(Caption-style text data)
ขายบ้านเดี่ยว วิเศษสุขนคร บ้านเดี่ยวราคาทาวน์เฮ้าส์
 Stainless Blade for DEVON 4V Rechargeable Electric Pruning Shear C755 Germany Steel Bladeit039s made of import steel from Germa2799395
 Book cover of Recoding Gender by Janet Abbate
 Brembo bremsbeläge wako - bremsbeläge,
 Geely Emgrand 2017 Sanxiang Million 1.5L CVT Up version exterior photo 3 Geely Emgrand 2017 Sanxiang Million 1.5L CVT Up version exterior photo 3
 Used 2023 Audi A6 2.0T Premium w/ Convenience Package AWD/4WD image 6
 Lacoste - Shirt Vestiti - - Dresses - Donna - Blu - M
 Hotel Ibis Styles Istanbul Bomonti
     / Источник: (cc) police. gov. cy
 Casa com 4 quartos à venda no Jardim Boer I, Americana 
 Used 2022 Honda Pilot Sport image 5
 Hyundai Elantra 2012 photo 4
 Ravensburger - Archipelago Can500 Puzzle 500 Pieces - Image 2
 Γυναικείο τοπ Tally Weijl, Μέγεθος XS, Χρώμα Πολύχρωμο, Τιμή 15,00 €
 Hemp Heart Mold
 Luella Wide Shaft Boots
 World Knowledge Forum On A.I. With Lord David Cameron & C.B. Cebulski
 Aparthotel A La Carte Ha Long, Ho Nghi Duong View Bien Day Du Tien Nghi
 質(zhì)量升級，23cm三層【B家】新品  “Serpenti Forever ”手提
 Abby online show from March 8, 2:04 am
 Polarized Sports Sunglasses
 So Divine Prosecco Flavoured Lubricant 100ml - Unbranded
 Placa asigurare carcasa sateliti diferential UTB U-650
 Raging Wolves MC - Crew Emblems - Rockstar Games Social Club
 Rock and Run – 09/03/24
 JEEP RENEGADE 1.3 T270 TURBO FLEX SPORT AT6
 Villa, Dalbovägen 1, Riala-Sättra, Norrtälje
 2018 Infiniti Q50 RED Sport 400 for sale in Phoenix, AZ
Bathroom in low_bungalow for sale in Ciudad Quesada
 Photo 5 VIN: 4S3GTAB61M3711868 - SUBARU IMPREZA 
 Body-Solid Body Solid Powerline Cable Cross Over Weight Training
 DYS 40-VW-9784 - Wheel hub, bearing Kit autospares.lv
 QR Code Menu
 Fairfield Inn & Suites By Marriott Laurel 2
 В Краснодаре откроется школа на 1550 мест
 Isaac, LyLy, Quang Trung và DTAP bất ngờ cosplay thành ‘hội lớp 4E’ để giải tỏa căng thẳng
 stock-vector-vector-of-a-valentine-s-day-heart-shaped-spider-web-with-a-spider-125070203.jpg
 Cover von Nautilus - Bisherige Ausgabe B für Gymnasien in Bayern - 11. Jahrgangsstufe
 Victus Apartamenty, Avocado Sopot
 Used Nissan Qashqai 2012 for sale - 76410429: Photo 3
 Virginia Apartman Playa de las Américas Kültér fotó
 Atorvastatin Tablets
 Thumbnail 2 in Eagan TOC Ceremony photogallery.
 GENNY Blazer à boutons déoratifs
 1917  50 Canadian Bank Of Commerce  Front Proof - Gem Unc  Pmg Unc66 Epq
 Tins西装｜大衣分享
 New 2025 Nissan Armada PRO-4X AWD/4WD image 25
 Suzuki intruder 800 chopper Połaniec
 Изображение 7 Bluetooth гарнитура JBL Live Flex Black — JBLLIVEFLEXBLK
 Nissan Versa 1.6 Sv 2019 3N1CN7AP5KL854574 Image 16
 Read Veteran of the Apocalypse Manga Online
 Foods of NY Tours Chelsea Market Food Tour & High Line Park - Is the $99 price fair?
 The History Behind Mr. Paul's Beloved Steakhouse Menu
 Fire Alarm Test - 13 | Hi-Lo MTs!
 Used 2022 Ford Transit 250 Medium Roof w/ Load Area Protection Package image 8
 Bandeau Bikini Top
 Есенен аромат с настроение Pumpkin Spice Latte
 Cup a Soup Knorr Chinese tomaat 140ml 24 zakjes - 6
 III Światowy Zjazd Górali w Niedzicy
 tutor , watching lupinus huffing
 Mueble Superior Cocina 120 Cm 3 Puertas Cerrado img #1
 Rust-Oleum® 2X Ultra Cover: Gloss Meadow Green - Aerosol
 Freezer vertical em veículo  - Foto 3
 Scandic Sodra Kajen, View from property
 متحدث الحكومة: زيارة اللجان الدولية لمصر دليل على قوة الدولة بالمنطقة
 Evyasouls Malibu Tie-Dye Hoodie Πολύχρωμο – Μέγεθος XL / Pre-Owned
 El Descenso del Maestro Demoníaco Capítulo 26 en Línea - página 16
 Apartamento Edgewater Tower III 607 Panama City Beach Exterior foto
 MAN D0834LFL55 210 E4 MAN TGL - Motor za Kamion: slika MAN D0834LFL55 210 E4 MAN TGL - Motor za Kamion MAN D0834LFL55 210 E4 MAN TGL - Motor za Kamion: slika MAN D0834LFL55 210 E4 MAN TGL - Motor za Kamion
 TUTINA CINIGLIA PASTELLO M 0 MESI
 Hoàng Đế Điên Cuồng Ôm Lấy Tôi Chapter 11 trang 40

**What you have to do:** From the entries above, return exactly the line containing "Placa asigurare carcasa", the line containing "2018 Infiniti Q50", and all lines between, and nothing else.

**Solution to this problem:**
 Placa asigurare carcasa sateliti diferential UTB U-650
 Raging Wolves MC - Crew Emblems - Rockstar Games Social Club
 Rock and Run – 09/03/24
 JEEP RENEGADE 1.3 T270 TURBO FLEX SPORT AT6
 Villa, Dalbovägen 1, Riala-Sättra, Norrtälje
 2018 Infiniti Q50 RED Sport 400 for sale in Phoenix, AZ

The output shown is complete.